**PROBLEM TO SOLVE**
The entries below should be quoted exactly, with no pictures carried over.

Web page caption snippets
◇ ◇ ◇ ◇
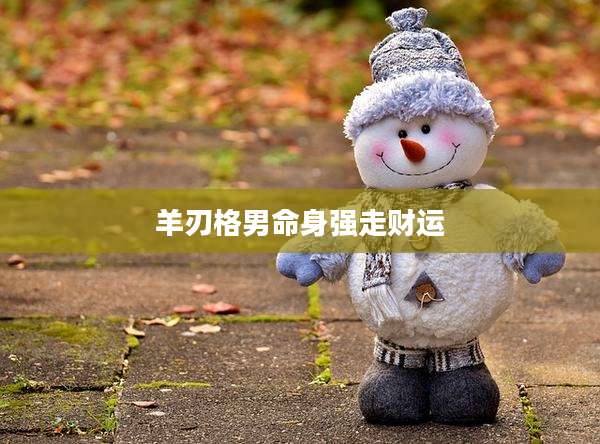 羊刃格男命身强走财运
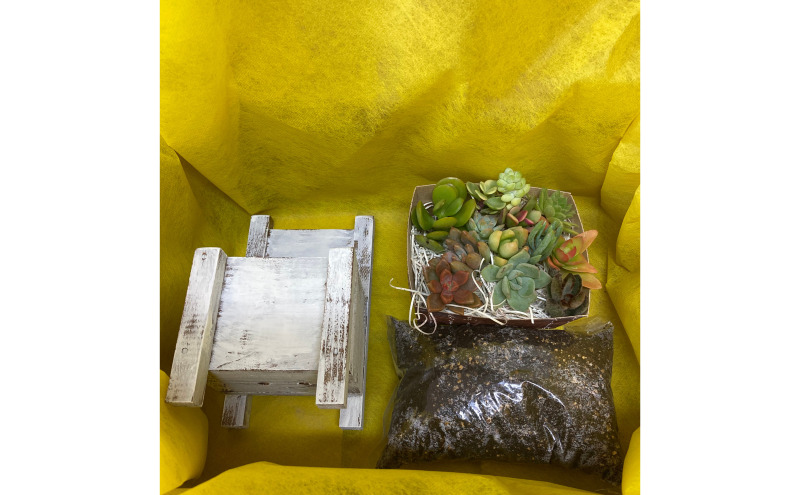 多肉植物 じぶんで植える 多肉 寄せ植えキットA 木椅子型 プランター 全3色 インテリア 植物 寄せ植え ガーデニング 福岡 小郡市 ：黄色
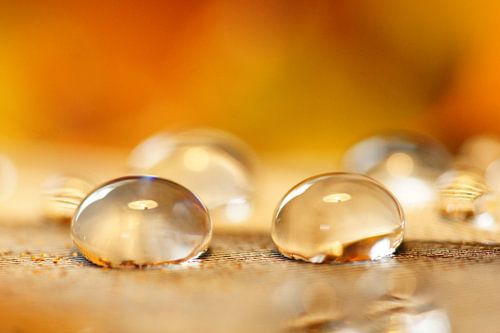 Honey drops by Carla Mesken-Dijkhoff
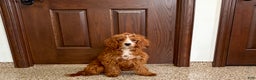 Cavapoo dogs for sale: Davey F1 - Ad 2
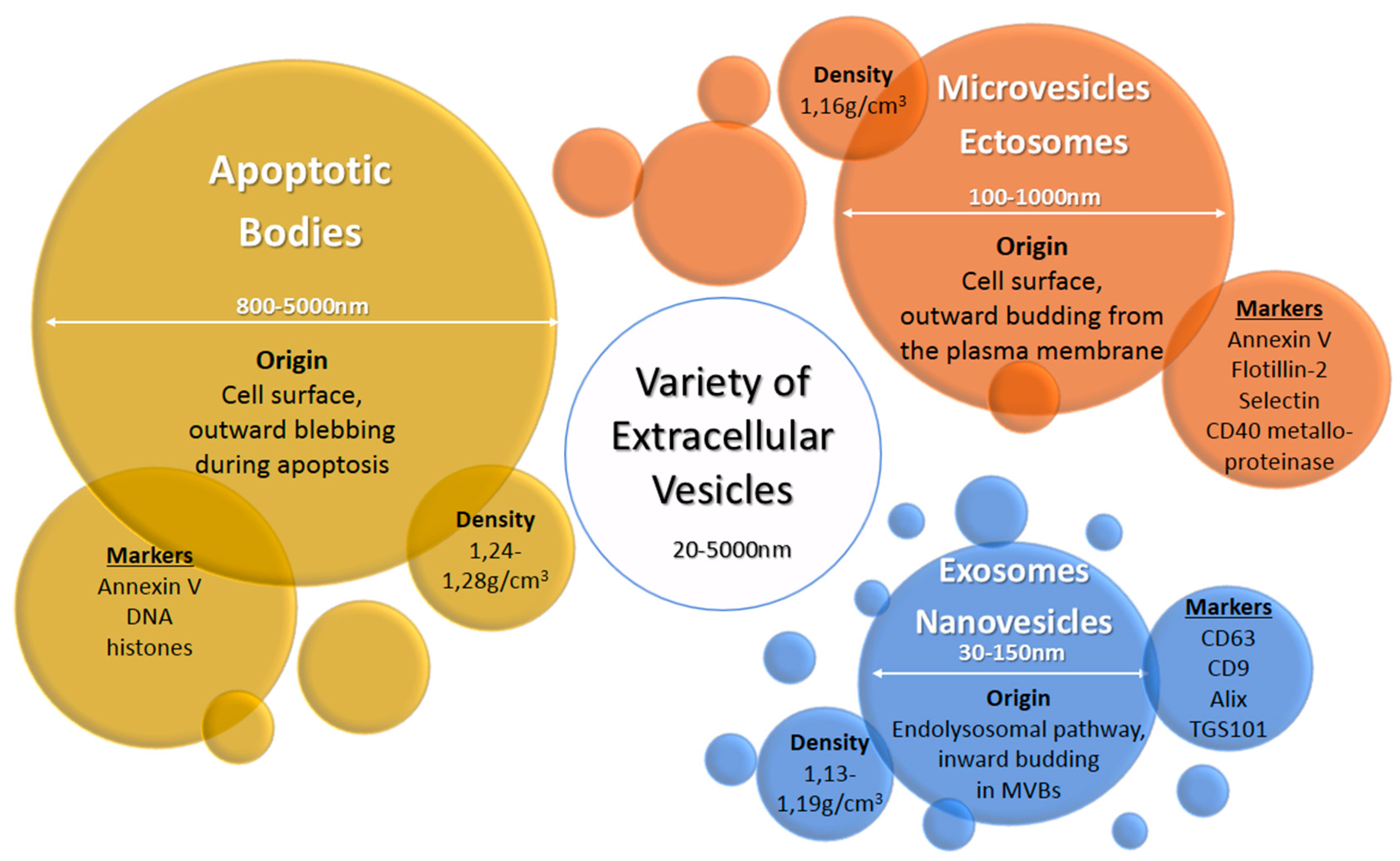 Ijms 21 04264 g001 Ijms 21 04264 g001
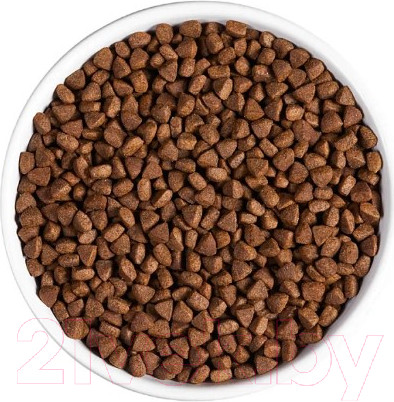 Изображение товара Сухой корм для кошек Ambrosia Grain Free для стерилизов., свежие утка и индейка / U/ACDT5 (5кг)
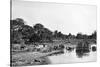 River Scene, Rio Corrientes, Paraguay, 1911-null-Stretched Canvas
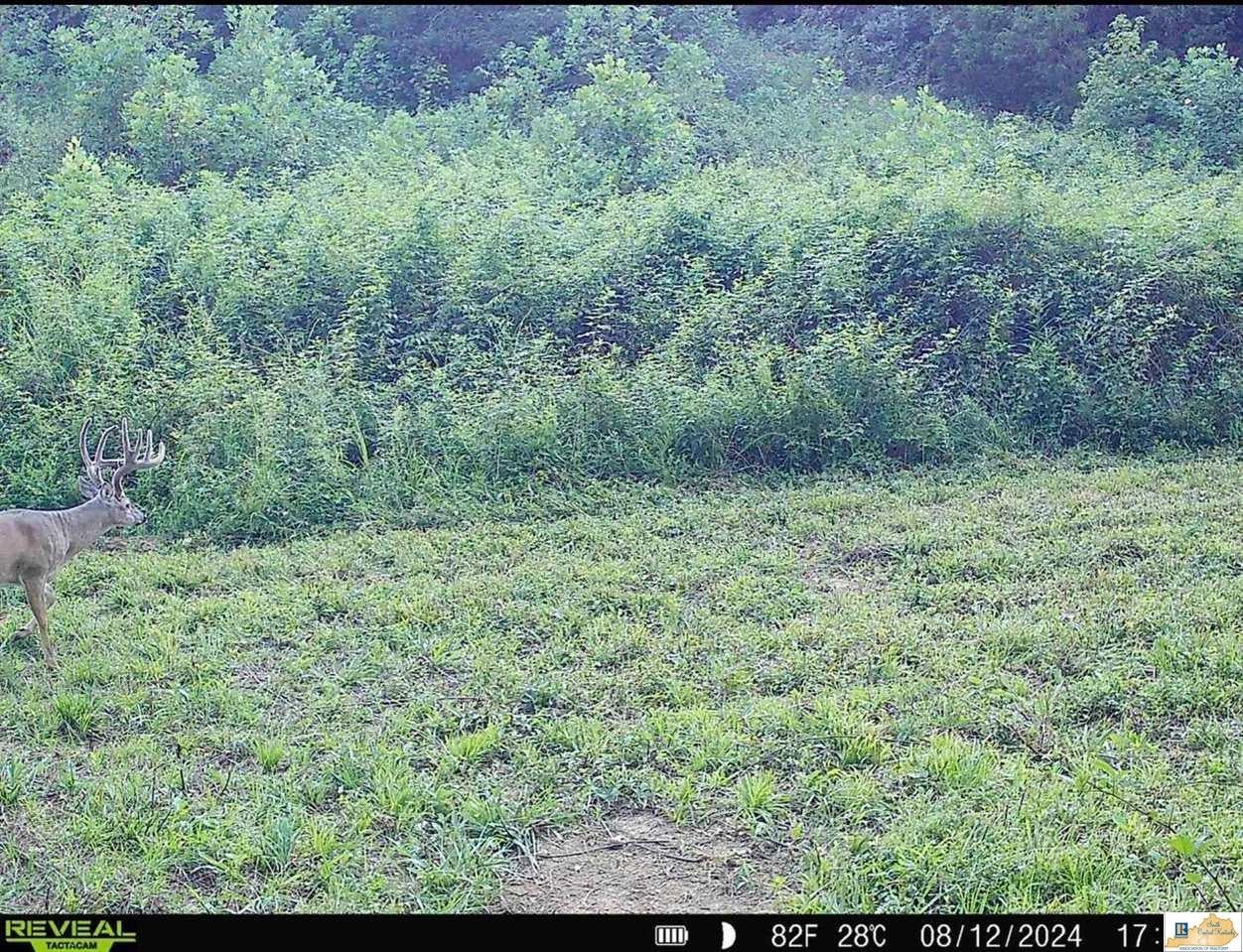 0 Cedar Flat Curtis Road Edmonton, KY 42129 - Photo 74 of 77 Gallery Image 74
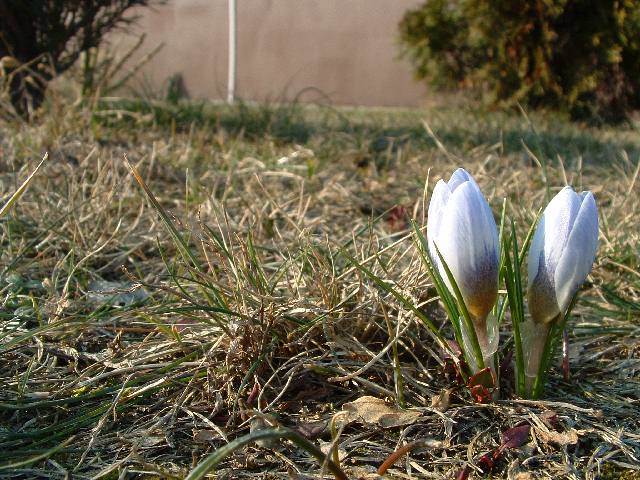 Krokusy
◇ ◇ ◇ ◇
**SOLUTION TO THE EXERCISE**
 羊刃格男命身强走财运
 多肉植物 じぶんで植える 多肉 寄せ植えキットA 木椅子型 プランター 全3色 インテリア 植物 寄せ植え ガーデニング 福岡 小郡市 ：黄色
 Honey drops by Carla Mesken-Dijkhoff
 Cavapoo dogs for sale: Davey F1 - Ad 2
 Ijms 21 04264 g001 Ijms 21 04264 g001
 Изображение товара Сухой корм для кошек Ambrosia Grain Free для стерилизов., свежие утка и индейка / U/ACDT5 (5кг)
 River Scene, Rio Corrientes, Paraguay, 1911-null-Stretched Canvas
 0 Cedar Flat Curtis Road Edmonton, KY 42129 - Photo 74 of 77 Gallery Image 74
 Krokusy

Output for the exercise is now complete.